In the following, I mention "vsync". Vsync is the moment at which the monitor begins drawing a new screen image; it's the point at which "vblank" begins on a traditional CRT screen, where the scanline momentarily stops drawing and moves back to the top of the monitor. This moment is very important for many of the approaches to frame coherence.
"Tearing" is what we call it when a screen renders from two different images, within a single frame. If, for example, I've drawn two screen images which are intended to be displayed one after the other, but the monitor has instead displayed the top half of frame one, and the bottom half of frame two, that's "tearing". This happens due to changing the data the monitor is reading from while the monitor is drawing, instead of during vblank. (In modern programs, this typically happens because the user disabled waiting for vsync in their driver settings)

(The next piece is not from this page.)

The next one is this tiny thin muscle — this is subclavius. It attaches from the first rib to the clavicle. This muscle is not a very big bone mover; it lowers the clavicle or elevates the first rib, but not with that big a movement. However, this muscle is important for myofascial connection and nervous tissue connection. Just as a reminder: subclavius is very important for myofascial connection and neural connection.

On the oldest hardware, there often wasn't enough memory to hold a full screen image, and so instead of drawing a screen image, you needed to specify colors for each scanline individually, while the monitor was in the process of drawing that line. On the Atari 2600, for example, you had just 76 machine instruction cycles to specify what color went into each pixel of the scanline, before the television started to actually draw that scanline. And then you had 76 instruction cycles to provide the contents for the next scanline, and so on.
When drawing in a "single-buffer" context, you're drawing straight into the VRAM which is being read from by the monitor. In this approach, you "race the scanline". The general idea is that when the scanline starts drawing the previous frame's contents at the top of the screen, you draw into VRAM behind it. So while the scanline is drawing the screen image for the last frame, you're drawing the next frame behind the scanline.

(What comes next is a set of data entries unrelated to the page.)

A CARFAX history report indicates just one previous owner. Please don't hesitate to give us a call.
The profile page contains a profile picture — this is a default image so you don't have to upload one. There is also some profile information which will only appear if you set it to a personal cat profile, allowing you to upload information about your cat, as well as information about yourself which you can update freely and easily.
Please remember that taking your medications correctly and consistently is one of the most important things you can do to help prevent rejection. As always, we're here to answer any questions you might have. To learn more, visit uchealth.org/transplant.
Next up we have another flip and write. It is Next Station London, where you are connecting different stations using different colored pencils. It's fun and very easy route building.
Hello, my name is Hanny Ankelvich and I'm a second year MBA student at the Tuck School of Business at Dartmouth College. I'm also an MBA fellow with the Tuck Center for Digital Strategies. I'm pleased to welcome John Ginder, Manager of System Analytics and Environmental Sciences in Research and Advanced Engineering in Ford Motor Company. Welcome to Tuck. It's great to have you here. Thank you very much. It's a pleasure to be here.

In general, you're trying to finish drawing the next-frame image before the scanline "laps" you by coming around again and overtaking the pixels that you're drawing, and also to never get ahead of the scanline, or else your new frame might draw into what should have been the previous frame.
For this reason, single-buffer rendering typically worked itself by drawing scanlines, from top to bottom, and from left to right. If you drew in some other order, it was likely that the scanline would come around again and spot bits of the "next" image which you hadn't gotten around to drawing yet.
Note that in modern operating systems, you typically never have an opportunity to draw single-buffered, though this was fairly common thirty years ago. (gosh do I feel old right now -- this is what I was doing when I first started out in game development)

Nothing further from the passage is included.